Cold traffic. It sounds daunting, doesn’t it?
The word “cold” implies chilly, frosty, cool.
Cold traffic are those web visitors who’ve never heard of you.
They don’t know of you, your brand, or your business.
They will be chilly, frosty, or cool – at least, initially.
Not because they, themselves, are “cold” people, but because they don’t even know you yet.
That doesn’t mean that they’re not open to getting to know you. It means that at this moment, they’ve not yet warmed up to you.
At this stage of the buying cycle they’re being introduced to you.
Up until this time, they didn’t know you existed!
A steady stream of website visitors will allow your business to grow.
Whether you’re new to online business, or you’ve been here for a while, you need to be targeting cold traffic – and driving them to your website.
Now you may be starting from ground zero with very little content on your website for your visitors, or you may have tons of great content but not enough traffic.
Driving cold traffic to your website, where your original content should live, requires a plan.
After all, the content you create should introduce your cold audience to you and your brand, build your credibility, and move them into your funnel so that you can start building a relationship with them, provide the solution to their problem(s), and achieve a return on your investment.
But first – a warning: don’t start driving traffic to an unproductive website. If your website needs some work, or you haven’t created a basic opt-in funnel to collect email addresses, then you need to start there.
There are many effective ways to target cold traffic and drive them to your website to consume your content.
How Cold Traffic Finds You
They’ve found one of your videos on Youtube through a search or a related video
They’ve done a search on Google and found one of your blog posts
They land on your website from a link in your tweet
They click on a Facebook ad in their newsfeed
They get an email from someone they follow with a link to an offer you have
How To Approach Cold Traffic
Imagine walking into a new shoe store and being accosted by the sales staff as they grab a pair of size 8 pink stilletos off the shelf and tell you all the wonderful reasons why you should buy these shoes.
What’s wrong with this picture?
A. This is your first encounter with the brand, the store and the staff.
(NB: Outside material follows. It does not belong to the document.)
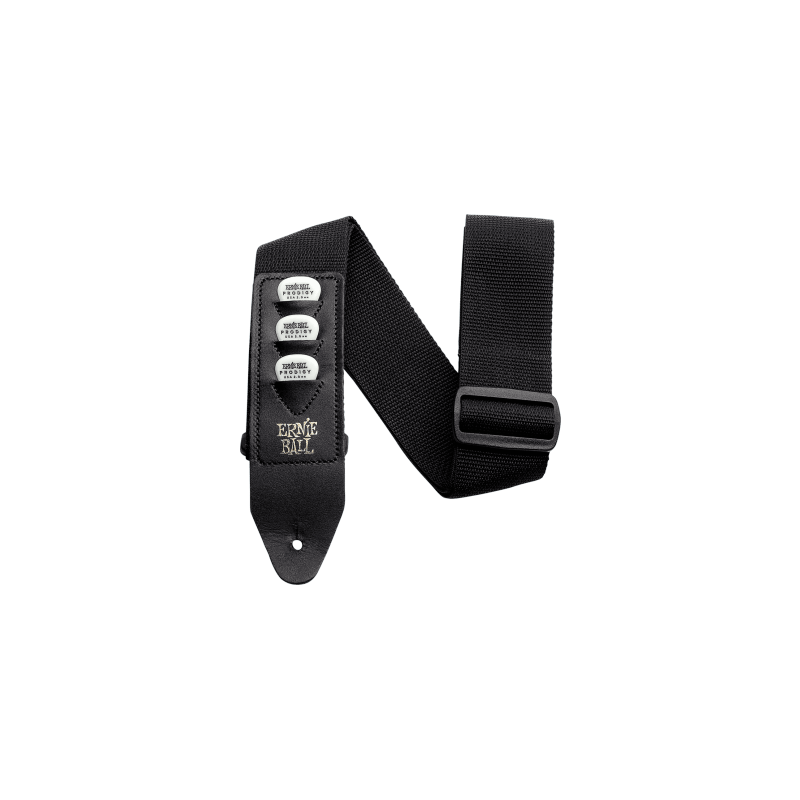 Sangle pickholder noire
You don’t even know them yet!
B. They don’t know whether you wear stilletos.
C. They don’t know what colour shoes you’re looking for.
D. They don’t know what size you wear.
Approaching your cold traffic like this will turn them off and eliminate the opportunity of them purchasing from you in the future.
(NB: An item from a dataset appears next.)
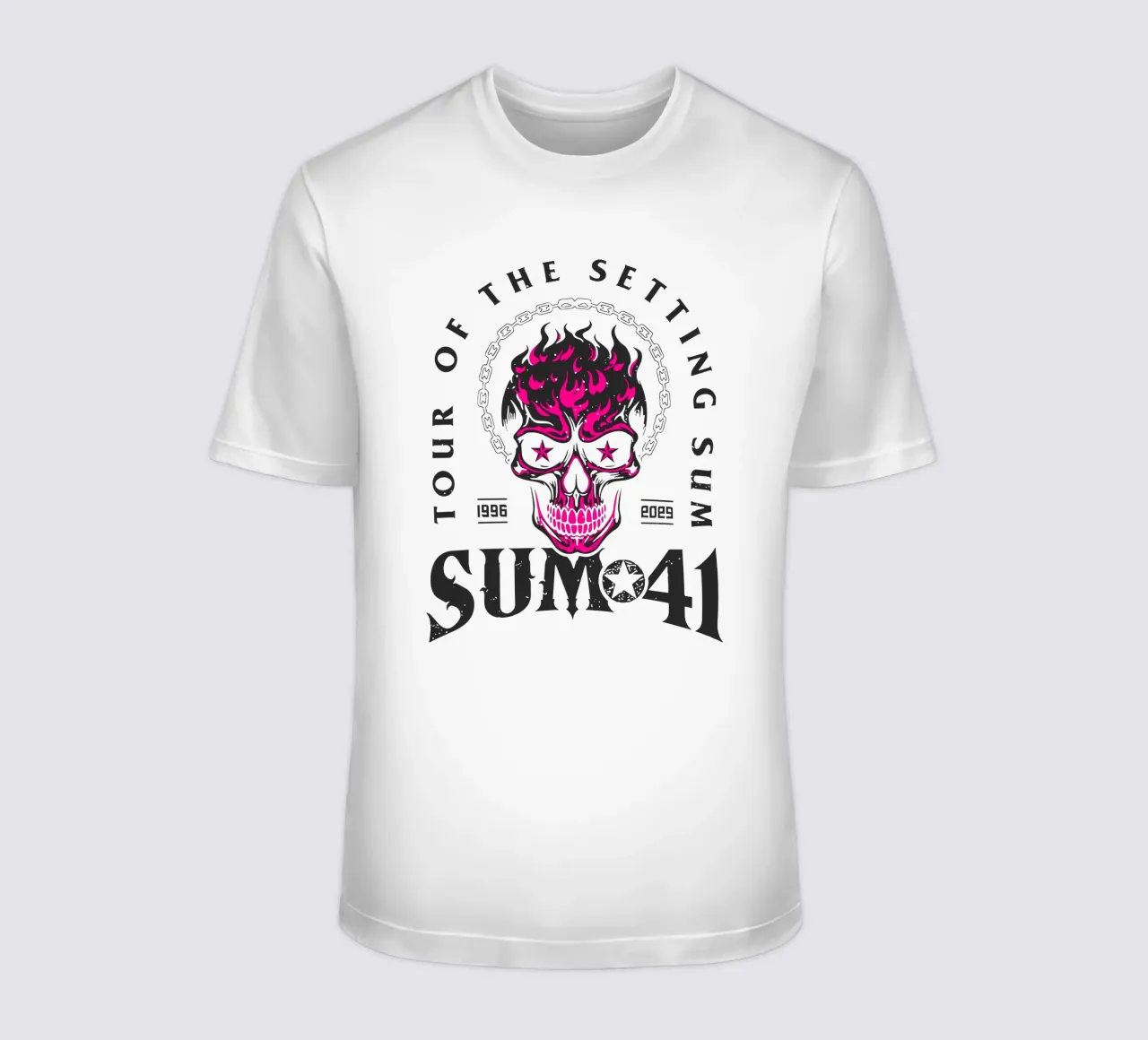 Sum 41 The Setting V1 t-shirt da lindacleveland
These are casual browsers who are looking for information to solve a problem they have or seeking information.
Now, you might have the solution for them, but it’s unlikely that they’ll buy from you at this point because they don’t yet know you, like you, or trust you.
They’re at the very start of the buying cycle.
To convert cold traffic to warm traffic you need to first create brand awareness and build your credibility.
You’re reading this blog post because you’re an online educator, or are thinking about creating an online course or program.
In order for anyone to actually buy your course or program, they need to know you, like you, and trust you.
They need to know that you have the expertise and experience to teach them what they want to learn.
They need to like you if they’re going to listen to hours of audio, video, or live sessions in your course.
And they need to trust you to help them with the solution to their problem.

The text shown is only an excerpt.